Trenton — New Jersey Governor Chris Christie broke one of his major environmental campaign pledges last week by dropping a requirement that the 41-year old Oyster Creek nuclear reactor install cooling towers to reduce thermal pollution of Barnegat Bay. As a result, the plant will continue to kill millions of fish, shellfish and marine life for the rest of the decade, according to Public Employees for Environmental Responsibility (PEER).
Last week, Gov. Christie announced an Administrative Consent Order that absolved Oyster Creek of the requirement to install cooling towers in return for a commitment to cease operating in 2019. This action reversed a permit requirement imposed by the New Jersey Department of Environmental Protection (DEP) in January of this year. It also broke a pledge candidate Christie made in his 2009 campaign to win a key endorsement from the state’s largest environmental organization.
After years of strenuous and convoluted legal efforts, on January 7, 2010, DEP announced a draft permit requiring Oyster Creek to install cooling towers as “best available technology (BAT) for minimizing adverse environmental impact“ as required under the Clean Water Act, based upon its “best professional judgment” following a detailed cost-benefit analysis. Last week, Gov. Christie upended these detailed technical findings with the stroke of a pen.
“What Governor Christie did was the opposite of science-based decision-making,” stated New Jersey PEER Director Bill Wolfe, a former DEP analyst, noting that there were no new facts or study justifying this abrupt about face on the highly technical BAT finding. “This snatched a huge environmental defeat from the jaws of a monumental victory with Oyster Creek getting an official seal of approval to decimate Barnegat Bay’s marine life for years to come.”
The effects of Christie’s action will reverberate far beyond Oyster Creek as the eight other reactors in New Jersey facing cooling tower pressures along with more than a score of nuclear plants in New York. As one of the oldest reactors in the country, pollution enforcement action was furthest advanced against Oyster Creek than other plants.
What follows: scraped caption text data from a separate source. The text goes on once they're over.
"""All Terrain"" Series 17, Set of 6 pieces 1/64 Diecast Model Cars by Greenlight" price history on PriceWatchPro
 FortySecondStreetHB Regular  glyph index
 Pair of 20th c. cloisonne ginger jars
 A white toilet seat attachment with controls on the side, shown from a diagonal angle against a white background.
Christie’s action may signal that the entire campaign to curb the destructive effects of heated reactor water is moribund. States like New Jersey had been in the forefront as federal agencies have warred with each other on this issue. This spring under a court ordered mandate, the U.S. Environmental Protection Agency is supposed to weigh in on the issue.
“Oyster Creek is a zombie nuke, lumbering along for decades after its design life, and presented the clearest case for cooling towers,” Wolfe added, expressing uncertainty whether proposed cooling tower requirements at other reactors will also be jettisoned. “How New Jersey handles the cooling tower permit condition for the Salem nuclear power plant will tell if BAT policy is dead in the water, so to speak.”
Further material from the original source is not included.